Já na ocasião em que Guilherme foi morto, Gilberto era considerado foragido, o que perdurava desde abril de 2015, quando escapou do Presídio Militar Romão Gomes. À época em que fugiu, a PM mentiu sobre a fuga, dizendo em um documento enviado à Ponte que ele estaria preso no local.
Em 2023, Gilberto foi condenado a 125 anos de prisão em regime fechado por um ataque que deixou sete mortos (incluindo Láercio de Souza Grimas, o DJ Lah, de 33 anos) e dois feridos em 4 de janeiro de 2013 — o caso é conhecido como Chacina do Jardim Rosana, na zona sul de São Paulo.
Defesa de ex-policial havia contestado decisão do TJ-SP
À Ponte, a defesa de Adriano comunicou que irá tentar um novo recurso: “A defesa entende que deveria ter sido mantida a soberania dos vereditos, e com base nisso vai interpor agravo regimental”, escreveu.
Disse ainda que, se houver um novo júri, voltará a pedir pela absolvição do ex-policial. “Muito embora, caso seja necessária a realização de outro plenário, a defesa confia na decisão dos jurados, e tem certeza que absolveram Adriano por negativa de autoria novamente”, completou.
Em contato anterior com a Ponte, um dos advogados que atuam em favor do ex-policial já havia contestado o acórdão do TJ-SP que determinou a realização de um novo júri popular. “Eles [os desembargadores do TJ-SP] não analisaram, por exemplo, que no carro do Adriano não tinha nenhum vestígio de DNA da vítima, não tinha nenhuma impressão papilar, nenhuma digital da vítima”, declarou Mauro da Costa Ribas Júnior. “Eles não analisaram que é impossível o Adriano estar na Avenida Cupecê às 2h09 e às 2h12 estar cometendo crime na Avenida Alba, em Diadema.”

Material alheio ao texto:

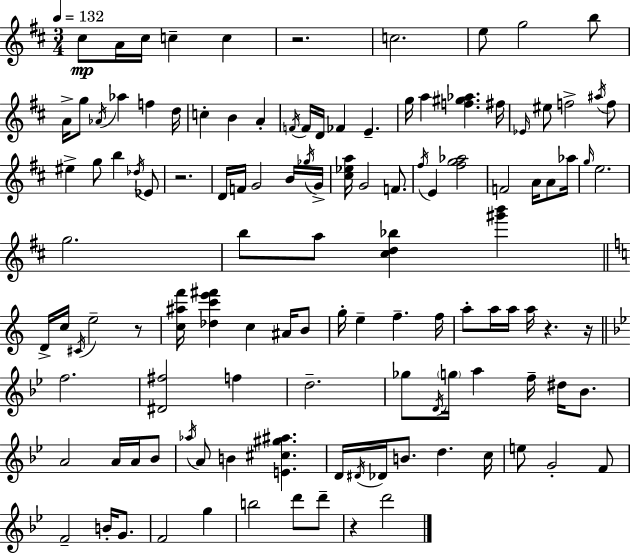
{
  \clef treble
  \numericTimeSignature
  \time 3/4
  \key d \major
  \tempo 4 = 132
  cis''8\mp a'16 cis''16 c''4-- c''4 | r2. | c''2. | e''8 g''2 b''8 | \break a'16-> g''8 \acciaccatura { aes'16 } aes''4 f''4 | d''16 c''4-. b'4 a'4-. | \acciaccatura { f'16 } f'16 d'16 fes'4 e'4.-- | g''16 a''4 <f'' gis'' aes''>4. | \break fis''16 \grace { ees'16 } eis''8 f''2-> | \acciaccatura { ais''16 } f''8 eis''4-> g''8 b''4 | \acciaccatura { des''16 } ees'8 r2. | d'16 f'16 g'2 | \break b'16 \acciaccatura { ges''16 } g'16-> <cis'' ees'' a''>16 g'2 | f'8. \acciaccatura { fis''16 } e'4 <fis'' g'' aes''>2 | f'2 | a'16 a'8 aes''16 \grace { g''16 } e''2. | \break g''2. | b''8 a''8 | <cis'' d'' bes''>4 <gis''' b'''>4 \bar "||" \break \key c \major d'16-> c''16 \acciaccatura { cis'16 } e''2-- r8 | <c'' ais'' f'''>16 <des'' c''' e''' fis'''>4 c''4 ais'16 b'8 | g''16-. e''4-- f''4.-- | f''16 a''8-. a''16 a''16 a''16 r4. | \break r16 \bar "||" \break \key g \minor f''2. | <dis' fis''>2 f''4 | d''2.-- | ges''8 \acciaccatura { d'16 } \parenthesize g''16 a''4 f''16-- dis''16 bes'8. | \break a'2 a'16 a'16 bes'8 | \acciaccatura { aes''16 } a'8 b'4 <e' cis'' gis'' ais''>4. | d'16 \acciaccatura { dis'16 } des'16 b'8. d''4. | c''16 e''8 g'2-. | \break f'8 f'2-- b'16-. | g'8. f'2 g''4 | b''2 d'''8 | d'''8-- r4 d'''2 | \break \bar "|."
}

O advogado também sustentou à época que Adriano é inocente e que isso se comprovou no primeiro julgamento, já que os jurados entenderam que ele não foi o autor dos disparos e o absolveram.
O defensor havia dito ainda, em um outro contato com a Ponte, que a expulsão de Adriano da PM foi injusta e abusiva, por ele não fazer uso da estrutura da corporação para a atividade de segurança privada. “Na verdade, o Adriano ajudava o pai dele, numa empresa que era do pai do irmão falecido, e não era dono de nada, não era responsável por nada. Ele simplesmente estava lá para dar uma força para o pai dele, que é o verdadeiro dono da empresa e fazia os contratos e tudo mais”, afirmou.